Monitor Folder is designed to provide specific functionality for use with the dedicated Canon Wireless Transmitters - the WFT-E1, WFT-E2 and WFT-E3.

By clicking the icon, a monitor folder window appears. Browse to choose the folder where wirelessly captured images are being saved and select ‘Monitor subfolders’.

Select or create the folder where the images should be transferred (these should not be the same folder). Click the ‘folder with blue arrow’ icon. When images are captured and saved into the folder, they will automatically transferred to the second folder and then displayed in Digital Photo Professional or other, third party software.

Hidden beneath the surface is additional undocumented functionality that is explained later in this article under the 'Real World Use' heading.

The accessory view of EOS Utility.

EOS Utility and Accessories

Additional to the camera control functionality within EOS Utility is the ability to work with accessory software. Under the accessory menu is the previously described Picture Style Editor and the WFT Utility (used to set parameters for Wireless File Transfer). EOS Utility provides a simple way to access these two software applications. Once the accessory application has been opened, EOS Utility shuts itself down.

Real World Use

EOS Utility has some great functionality, but how can this be leveraged to really save some time and work in the real world? The Monitor Folder is designed to work with images downloaded by WiFi, using the Wireless File Transmitters, but the fact that it also works extremely well for downloading images to a folder is undocumented.

Many photographers will work with two cameras. Perhaps one fitted with a wideangle zoom lens and one with a portrait lens such an EF85mm f/1.2L USM. Keeping memory cards separate can be difficult. Similarly, when two or more photographers are shooting a job together, images need to be separated to ensure that they are correctly credited.

The monitored folder is placed on the desktop.

Here is how EOS Utility can help to ease the workload:

Go to ‘Control Camera’ and select ‘Monitor Folder’. A single folder has been created as a dropbox on the desktop called ‘Image Dropbox’. In EOS Utility, select the monitored folder by clicking the browse button and navigate to ‘Image Dropbox’. Check ‘monitor all subfolders’ if, for example, images are going to be copied in there from a remote storage device where they may be in subfolders corresponding to different memory cards.

Now a destination folder is needed, so click on the ‘Change’ button. This brings up an option to change the destination folder. Note: This function moves images to prevent duplicates. It does not copy them. A new folder has been created called ‘Sorted images’ on the desktop.

There is an option to ‘Customize’ the folder into which the images are moved (within ‘Sorted images’). Here images are going into a subfolder structure decided by camera model, a dash and body number.

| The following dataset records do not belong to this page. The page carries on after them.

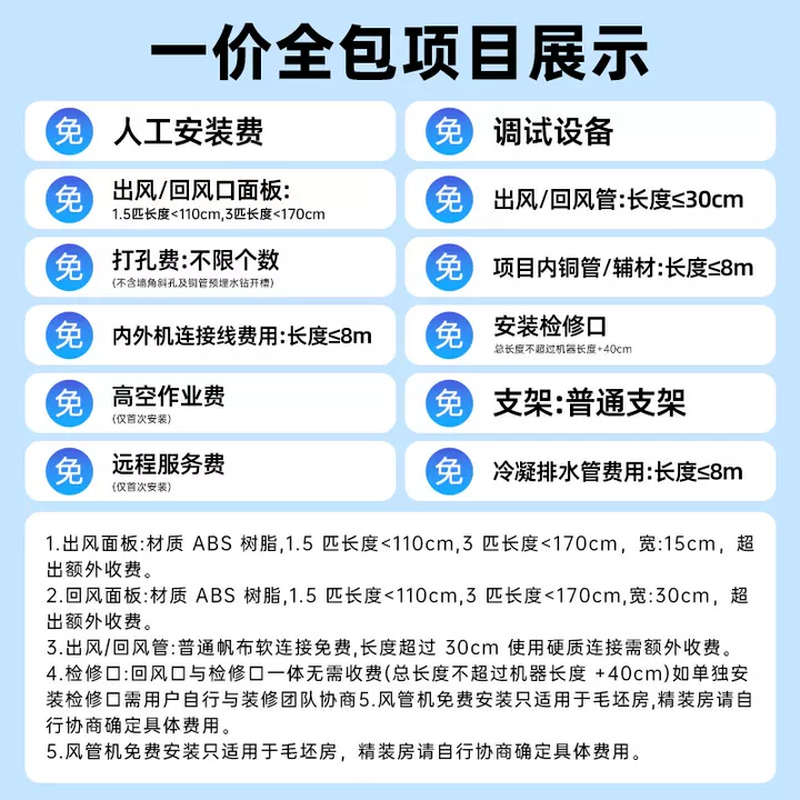 Xiaomi (MI) Mijia central air conditioner multi-split, one to four/five/six, full DC frequency conversion, Pro super first-class energy efficiency, one price all-inclusive, smart wire controller, 3 rows of condensers, 6 HP, first-class energy efficiency, one to five, small four bedrooms and one living room
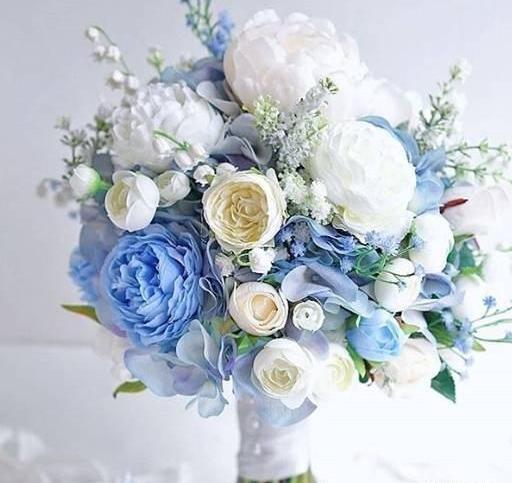 عکس دسته گل آبی عروس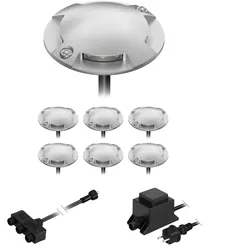 ledscom.de LED Boden-Aufbau-Leuchte Bunda, 4-flammig, für außen, befahrbar, kalt-weiß, 7er Set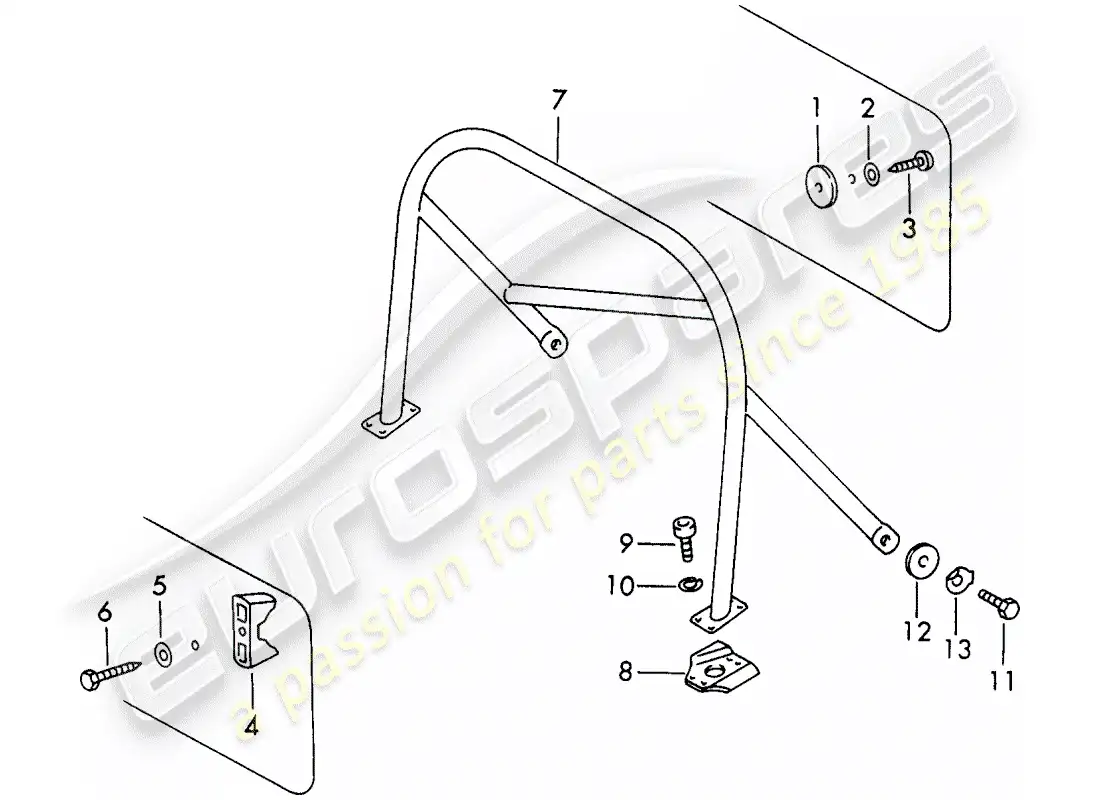 porsche 1968 (911/912) barra antivuelco - matrícula - montaje diagrama de piezas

This could easily be changed, for example, to the owner's name taken from the EXIF data stored with each image. If both users name their cameras, all the images can be downloaded into one folder and then separated out into folders based on who shot them. By adding a body number parameter to the owner, multiple cameras can be dealt with as well.

Naming files by owner’s name, shooting date and sequential number.

Finally, you also have the option to modify the file names as they are being moved.

Select the drop down in the top left of the screen, and the file name option.

Choose the ‘Customize' button to get the same customisation screen as we had before for the folders.

Here it is set to owner’s name, shooting date, and sequential number.

From now on, whenever you look at a file that’s been processed through this system, it will be located in a folder named after camera model and body number and each image will named with owners name, date and a sequential number, separated with dashes. Combined with a good set of keywords or captions, you should never lose a file again.